Arizona solar industry professionals assemble in Phoenix for the Arizona Solar Summit IV. Officials unveil a Master Energy Plan to pave the way for innovation and development of sustainable energy in the state.
The sun was shining on the campus of Arizona State University SkySong this month as policymakers, energy experts, and solar industry representatives gathered for the fourth installment of the Arizona Solar Summit. The February 20 event served to pool intellectual and experiential resources from around the state, and was the site of the first public unveiling of Arizona’s comprehensive new Master Energy Plan. The event, sponsored by NRG and hosted by ASU SkySong, The Sandra Day Oconnor College of Law, and Arizona State University LightWorks, showcased key energy issues from around the state, and provided expert talks and panel discussions from both industry representatives and government officials.

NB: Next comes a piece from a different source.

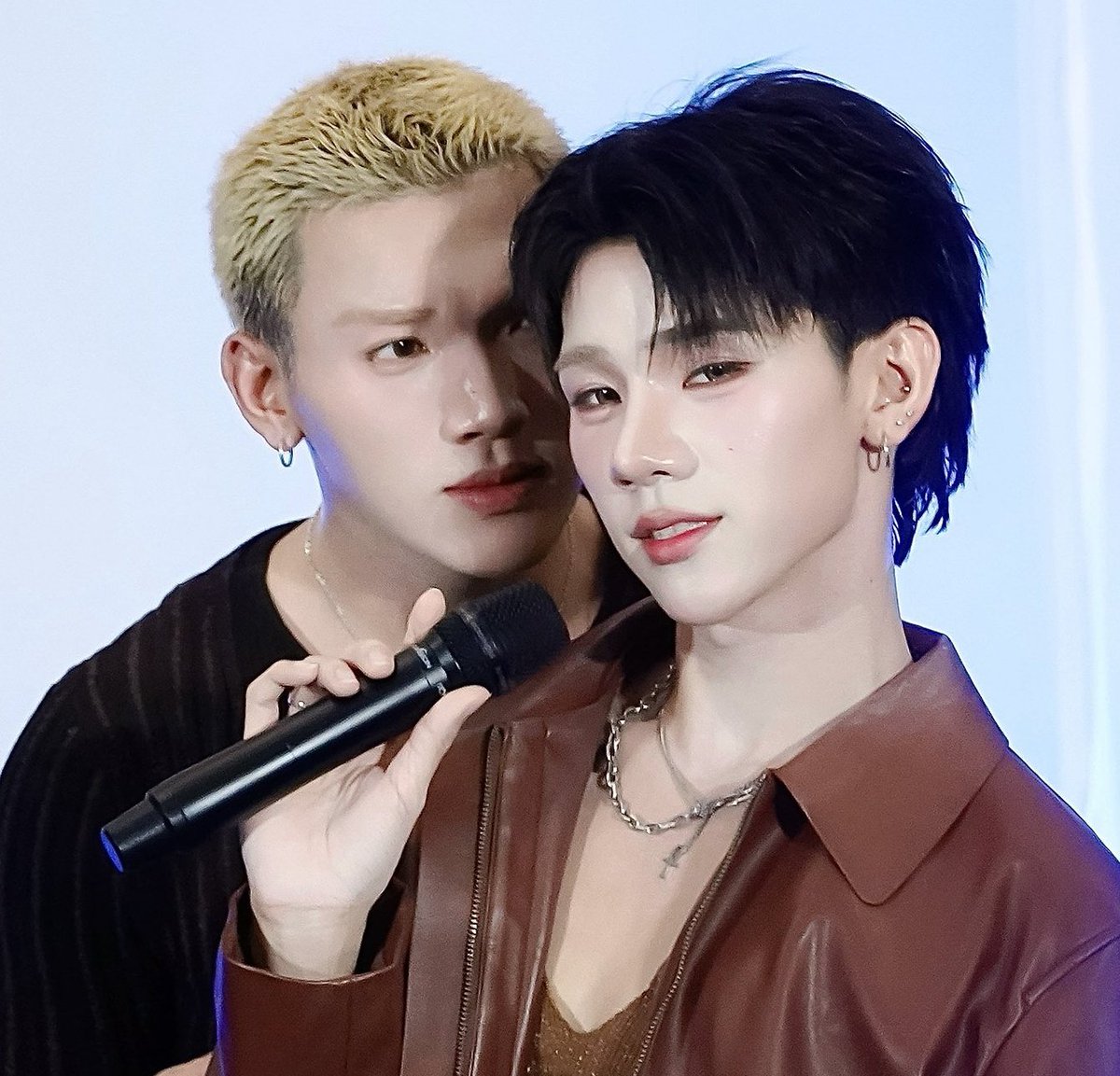 kritplug's tweet image. Hello friends 🤍 I created this account to support Krittin and Pluggy. If you could help me by RTing this post to reach more Perses fans, I'd appreciate it. Let's be one big, happy family! 🦈😺 xoxo 

#PLUGGY_PERSES #KRITTIN_PERSES #PERSES_TH #KritPlug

Leisa Brug, who serves as Energy Policy Advisor to Governor Jan Brewer and directs the Arizona Governor’s Office of Energy Policy, moderated a panel discussion on the new comprehensive state energy plan. This plan, brought into existence by Executive Order from Governor Brewer, is the first time in 23 years that the state has enacted an overarching strategy for the future of the energy industry. The plan seeks to streamline regulatory and commissioning procedures to create an environment friendly to business ventures, investment, and job growth in the solar industry. It also aims to assess and improve current models of how to combine traditional and non-traditional energy generation, and to foster development of new technologies and best practices. Brug is optimistic about the prospects for Arizona’s energy industry. “We’ll be a national model,” she said. “We see this as a tremendous way to bouy up our solar industry”.
The keynote speaker, William Harris, discussed the necessity of updating our sustainable energy strategies for a post-industrial revolution community. Harris is the president and CEO of Science Foundation Arizona. He touched on the issue of climate change and the increase in CO2 emissions, and touted the necessity of offering school-aged children education on issues of energy optimization.
With nearly 300 days of sunshine every year and a government intent on removing obstacles to entrepreneurship and investment, Arizona offeres vast potential for solar developers. This summit provided a way for influential minds to combine their intellectual resources in order to reshape Arizona’s energy markets through business-friendly policymaking, innovative programs, and technological advancement.